EH: I took a part-time job when, after Peter was born, but that didn't start until 6 p.m. My, my frustration with that period was, I think we didn't have a car, quite. We got a car shortly after that, but when I first started working at the YW, Ralph was teaching at West Seattle, and he was riding with, sharing, somebody was picking him up. They would always stop at the Rainier Brewery, where, you know, there was always free beer and hors d'oeuvre and what all. And I was just not really understanding that, and I'm almost not willing to hear it, because I had to get on the job. And I, I knew I couldn't leave the kids by themselves, so I was always apologizing, I was really ticked by the time I got to the YW. And they would say, "Don't, don't get angry and don't stay angry. We don't want you to be angry and working here," and this kind of thing. But I, I think maybe I was there two years, because, see, Larry, Peter was just born, which meant that Candy was ready for preschool, probably the following year at about three. And I don't know what I did with Peter. I must have taken him to preschool, to the co-op with me. And I didn't learn to drive until Peter was probably three. So I, I must have shared rides or gotten rides.

That was, it was a good program, one of the, kind of limited in facility, because it was a long, narrow building. But we had, you know, play area and a, to, for fundraising, we decided to have, the YWCA had a fireplace and a patio, a fireplace that was useable from the inside and the outside. So we decided to have some barbeque benefits, fundraising. And Ralph wanted to do it all, and I knew he didn't, he never, he had, what, six sisters, and he never learned how to cook. And, but he was game and willing to do it. And for a couple of years we, we did that. Maybe three years. And it was, it really gained popularity. There was the Brunner Bakery, was on the corner of Martin Luther King, and the YW was on the next corner. I mean, there were... that must have been Twenty-eighth and, between Twenty-eighth and Twenty-ninth or something like that. And there were a couple of, the Brunners were Jewish, and then we had a kosher Jewish grocery store on the corner of Union. And we, we were maybe three blocks from Union, but we'd go around selling tickets, and they would buy it and I'd, I'd say, "You're a kosher meat market. Are you sure you wanna get ribs? How about chicken?" And he says, "Oh, how can you resist that smoky taste?" And they would buy their share. But it was amazing because everybody participated, and the other mothers would take turns delivering and so that was a good event. We could do all that with the kids being able to play around on the patio.
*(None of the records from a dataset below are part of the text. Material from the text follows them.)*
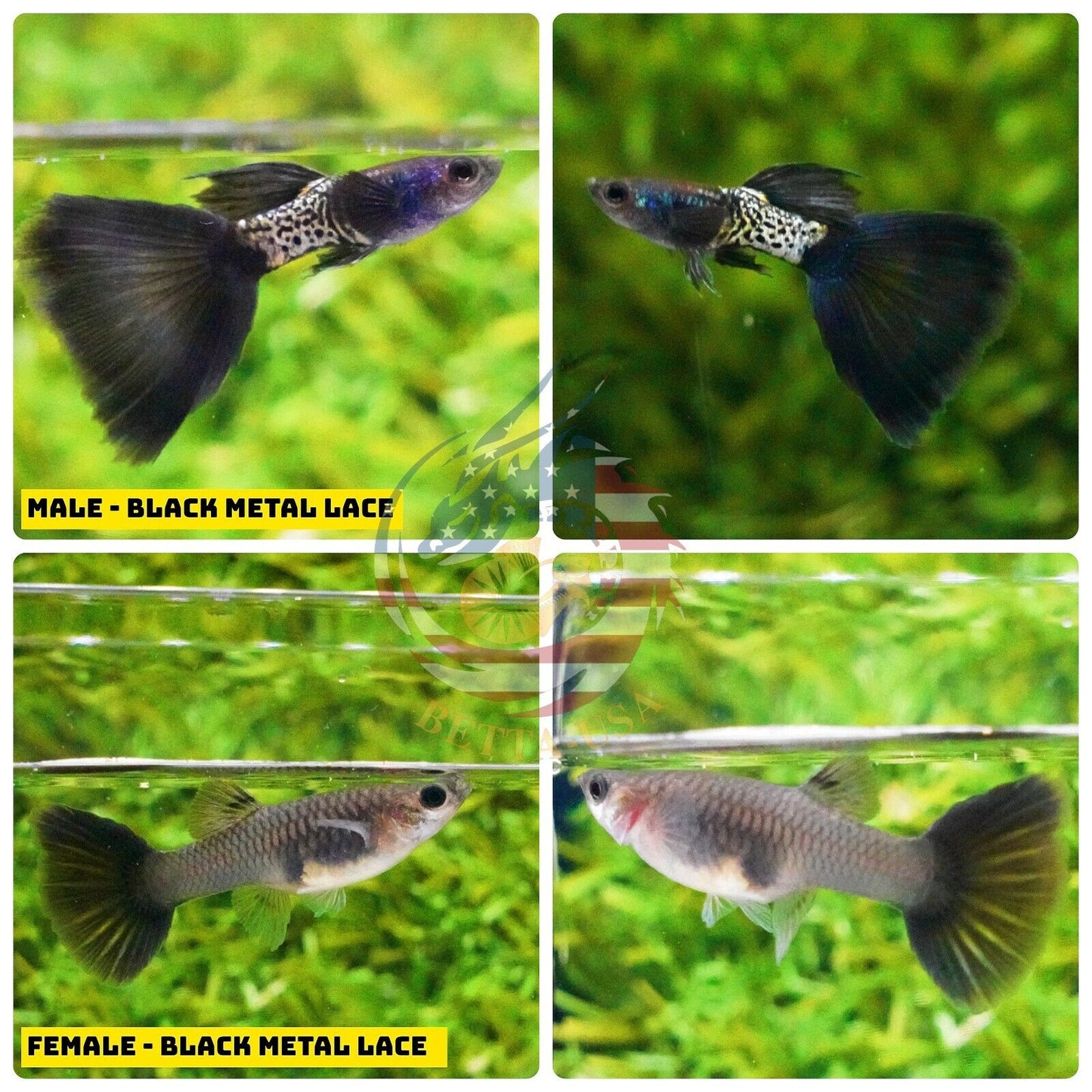 Black Metal Lace Guppy pair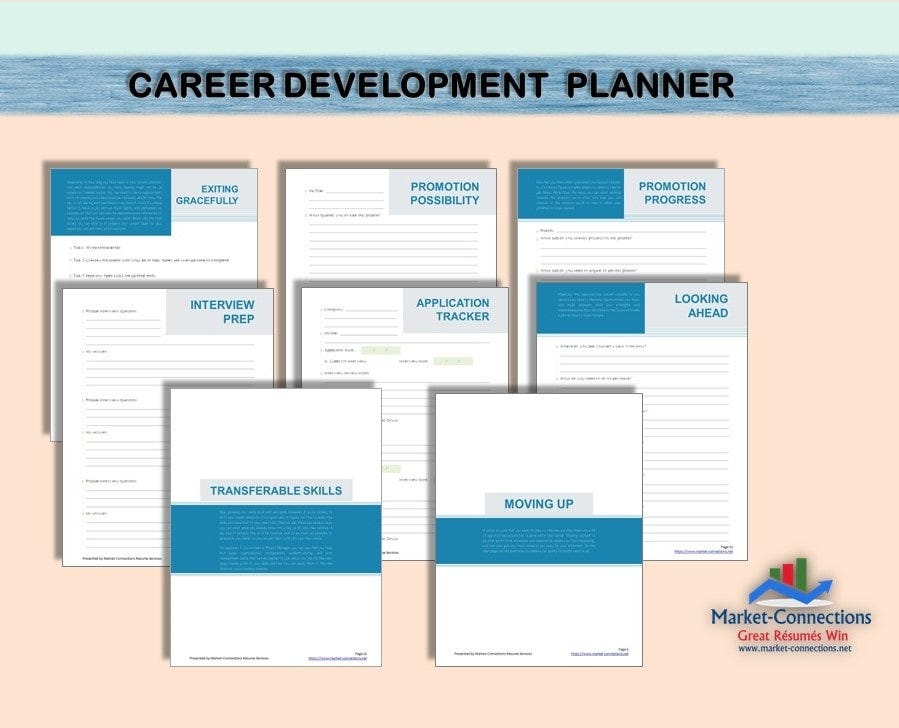 Career Development Planner. An effective strategy for professional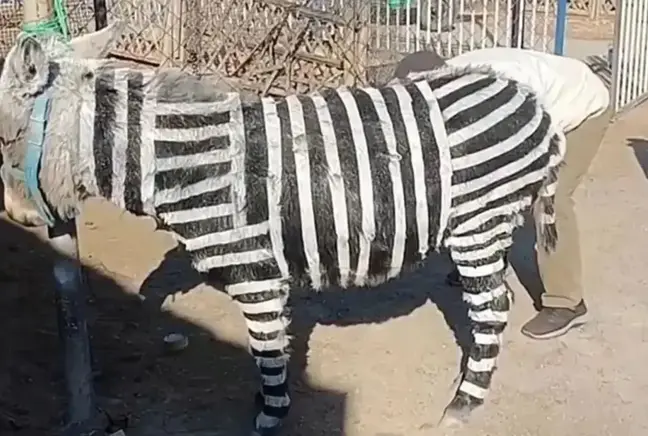 Zebra modifiyeli eşek! Nedeni en az olay kadar rezalet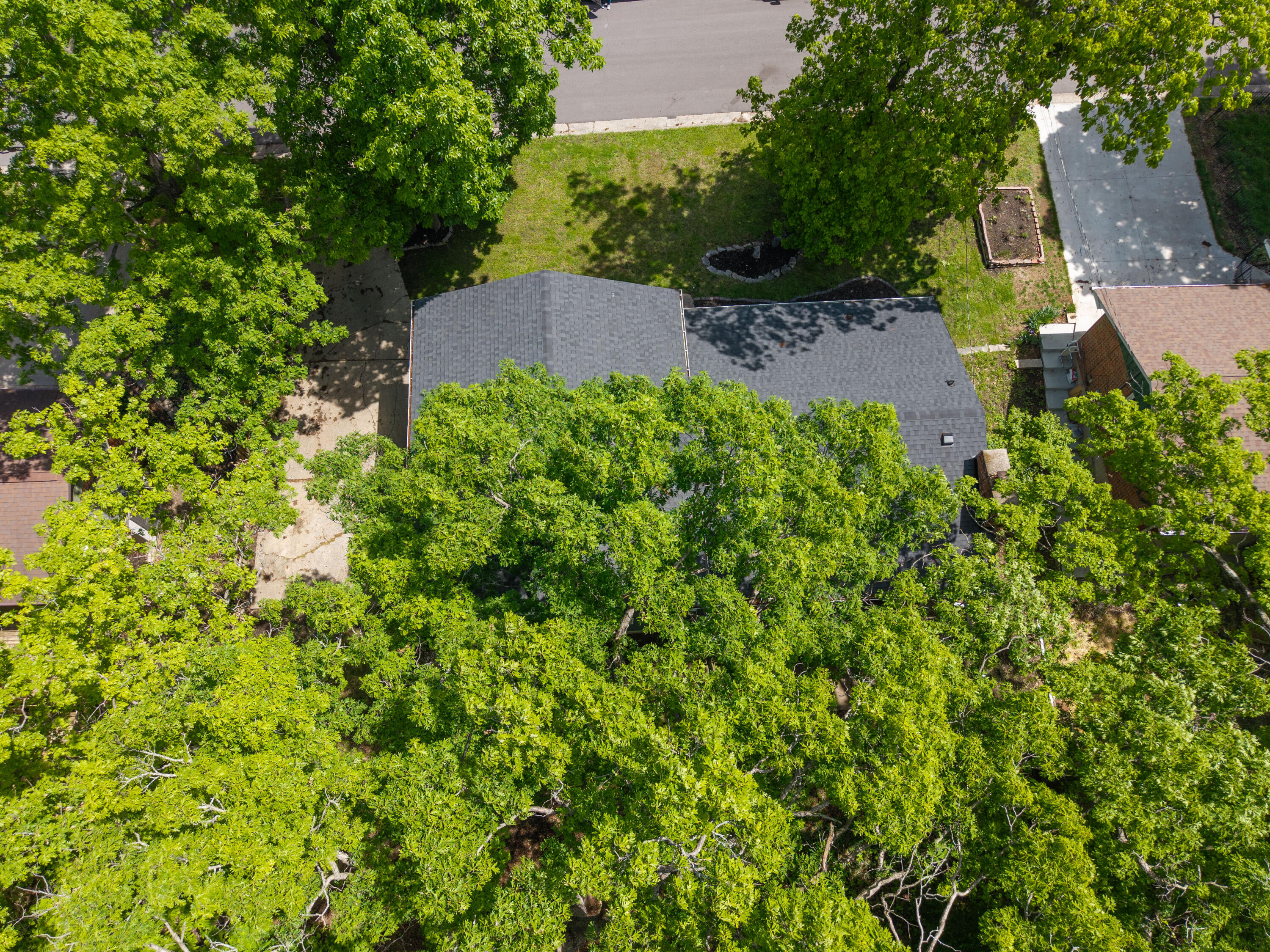 1403 Ridgemont Ct Property Photo 58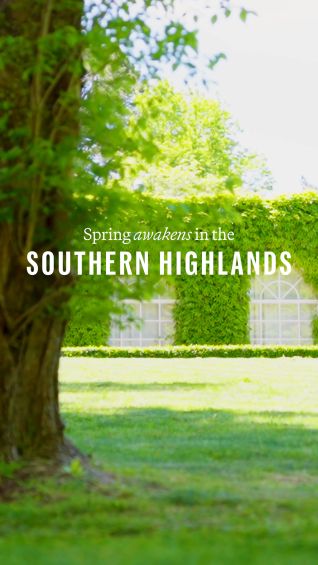 Spring awakens in the Southern Highlands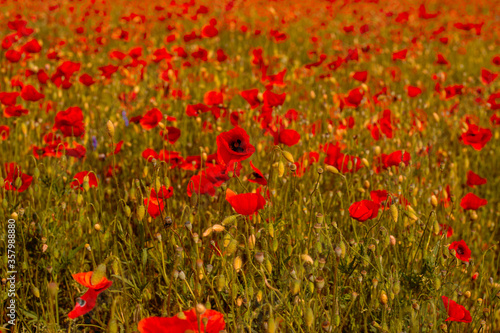 red poppies on the plain on a sunny summer day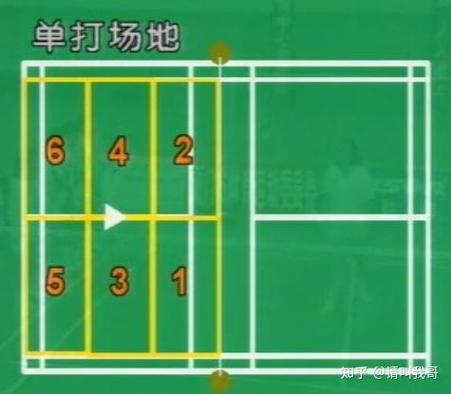 羽毛球速成截图3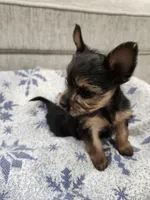 processed/2eee281c-38ae-41f2-863a-49b95f9ac7da/listing/452374d3-a140-46aa-861a-8963ad37652f/99fd01cb-3925-4f9a-b250-0126b38f90d6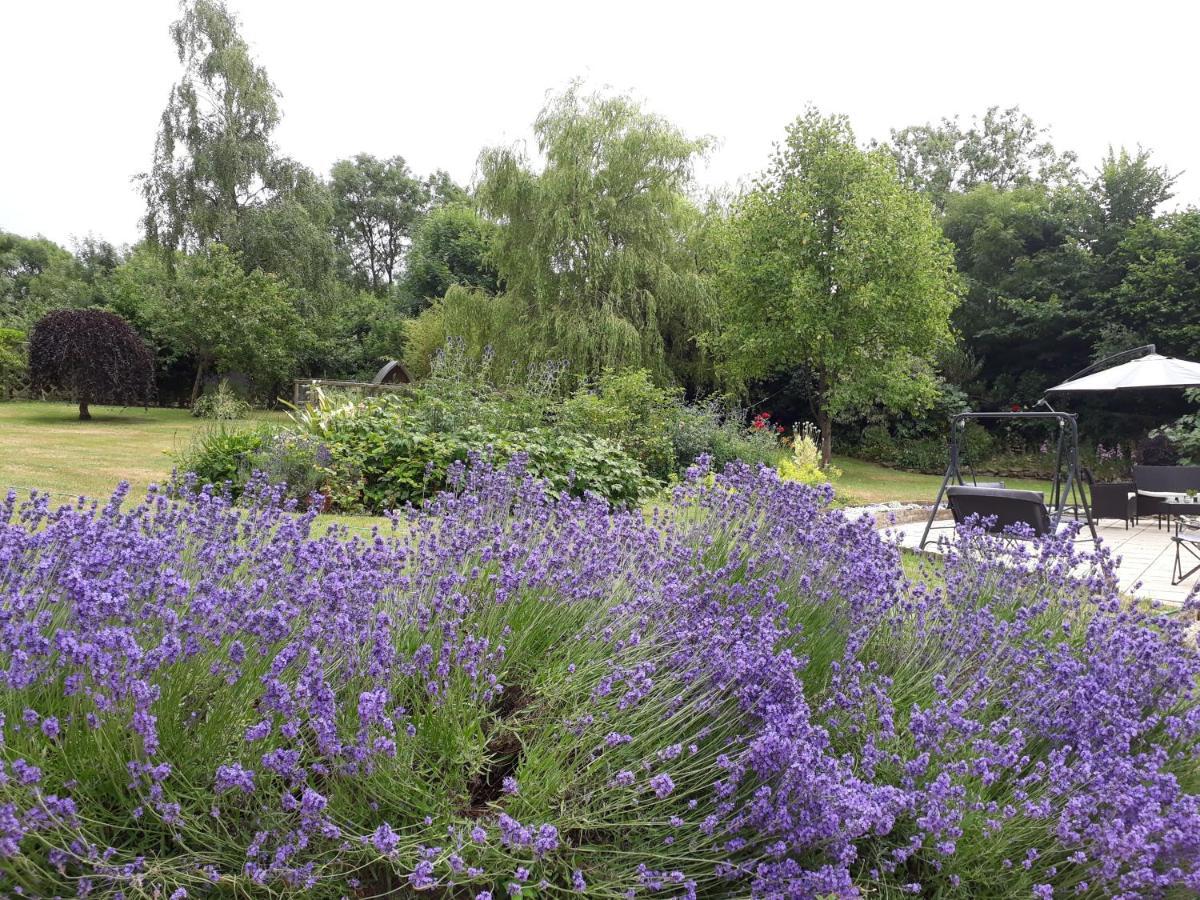 Stoneleigh Barn Bed And Breakfast Sherborne  Dış mekan fotoğraf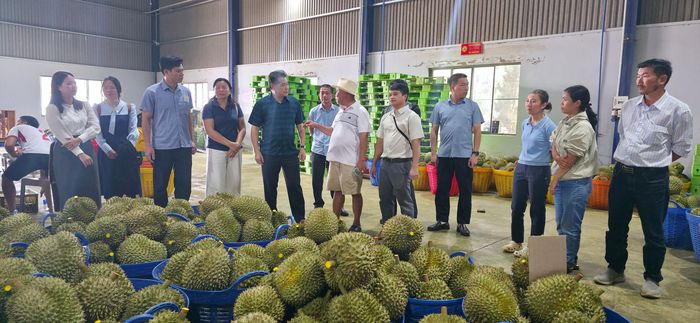 Hiệu quả MSVT và CSĐG chỉ bền vững khi hình thành chuỗi liên kết sản xuất gắn với yêu cầu thị trường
Then, then I kind of was not satisfied with the teachers, so I transferred Candy and Peter to Madrona, Madrona had another preschool. And we came, became active there. By the time... I guess it was Peter, before Peter was born, I guess, I was active in PTA, and we started some good programs at PTA. That was a very, Madrona was a good, integrated and socio-economically, also, a wide range. East of Madrona was almost, in those days, predominately white. Lot of UW and Group Health people. At the top of the hill, it was thoroughly mixed, and then, but going down between Thirty-second and Twenty-seventh was predominately black. Not totally black, but, and there were Asians sprinkled through there. But Madrona was an exciting school. We did a lot of experimental kinds of things.